Des contextes familiaux très variés

Dans leur définition de la famille, certaines personnes sont très inclusives, d’autres personnes mettent l’accent sur les relations appartenant au passé, ou encore sur les membres de la famille du côté du conjoint. Chez certaines personnes, on remarque également une imbrication entre les liens de parenté et les liens d’amitié. Cela génère des contextes familiaux très variés.

Pour illustrer la diversité de ces contextes familiaux, il est utile de s’intéresser à des études de cas précis. Des exemples de réponses à la question des membres significatifs de la famille de divers cas sont mis en évidence : c’est le cas d’anciens enfants placés (en foyer ou en famille d’accueil) ainsi que d’individus en thérapie longue. Les personnes citées comme significatives et les définitions qu’ont les personnes de leur famille influencent les ressources et les contraintes qui s’imposent à chacun.

Les types de configurations familiales

La sociologie des réseaux s’intéresse aussi aux familles recomposées, dont les logiques et les compositions sont également multiples. Notons d’ailleurs que le terme de « famille recomposée » pose problème, car il ne représente pas très bien cette multiplicité des situations familiales.

Neuf types de configurations familiales peuvent être dégagées : le type « famille restreinte » (nucléaire), « amicale » (basé sur les amitiés), « alliance » (où la parenté du conjoint domine), « frères » ou « sœurs » (prenant une importance décisive dans le réseau), « parenté », « verticale », « post-divorce » (typiquement les familles recomposées), ou encore « sans partenaire » (faisant référence aux familles monoparentales).

De ces différents types, nous retenons encore une fois la diversité des relations familiales, toutefois associée à une certaine constance, puisque ces différentes configurations reviennent systématiquement dans l’analyse de réseaux.

Au sein de ces configurations familiales, deux types de capital social peuvent être mis en avant : le capital social « pont » et le capital social « chaîne ».

Le capital social « chaîne » constitue une forme de relation où le contrôle social est fort et collectif : les différents membres du réseau se consultent et se soutiennent mutuellement.

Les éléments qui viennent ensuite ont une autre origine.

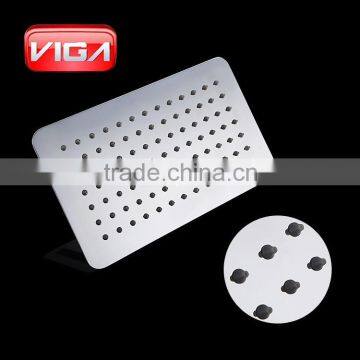 Thermostatic Bathroom Shower Set Round Shower Column European Shower Faucet photo-5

Le capital social « pont » situe l’enfant au centre du réseau. Cette situation peut être considérée comme bénéfique, puisque cela représente un environnement plus varié et ouvert que dans le cas du capital social « chaîne ». Toutefois, cette variété et cette ouverture peuvent être perçues comme des facteurs de fragilisation de l’individu (notamment de l’enfant), car les relations y sont individualisées, et manquent donc de coordination.

Configurations familiales et parcours de vie

Analyser les réseaux, et plus précisément les familles, sous l’angle du parcours de vie permet de capturer les différentes logiques que suivent les individus dans un groupe. En effet, la famille n’est pas une donnée fixe, mais elle réagit à un contexte avec des contraintes particulières. Par exemple, il est impossible de penser la famille, et de comprendre les parcours de vie, sans prendre en compte les trajectoires professionnelles.

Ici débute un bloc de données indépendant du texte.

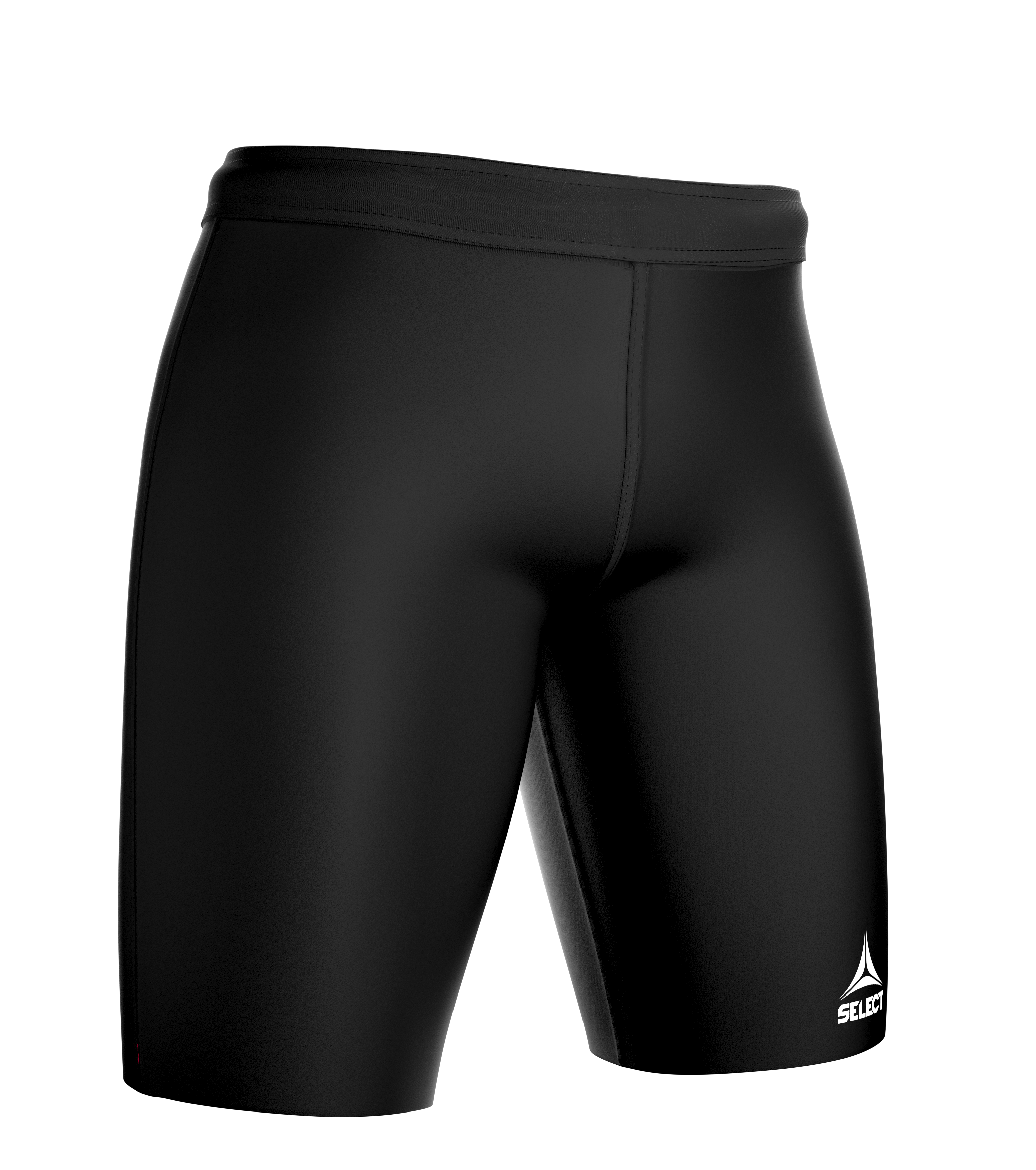 Select Profcare - Thermal Shorts - Sort/Blå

L’analyse des parcours de vie et des configurations familiales sont particulièrement utiles dans l’étude des vulnérabilités. En effet, les configurations familiales représentent des capacités à maintenir des liens, à donner ou à recevoir du soutien émotionnel ou encore à gérer du stress, qui sont des dimensions de la vulnérabilité.

Discussion

Jean Blanchard soulève la question des familles en situation de précarité : quelles sont leurs réalités et comment leur situation diffère de celle des familles plus aisées ?

Selon le Professeur Widmer, les familles en situation de précarité importante ont soit une définition largement nucléaire de la famille, soit des définitions très mouvantes, signe d’un manque de stabilité dans leurs relations. Dans tous les cas, la notion de solidarité est une dimension essentielle dans le cadre des familles faisant face à des situations de vulnérabilité. Jean Blanchard relance en mentionnant le rôle de l’Etat dans l’aide aux familles vulnérables, qui influence largement la diversité de composition des familles.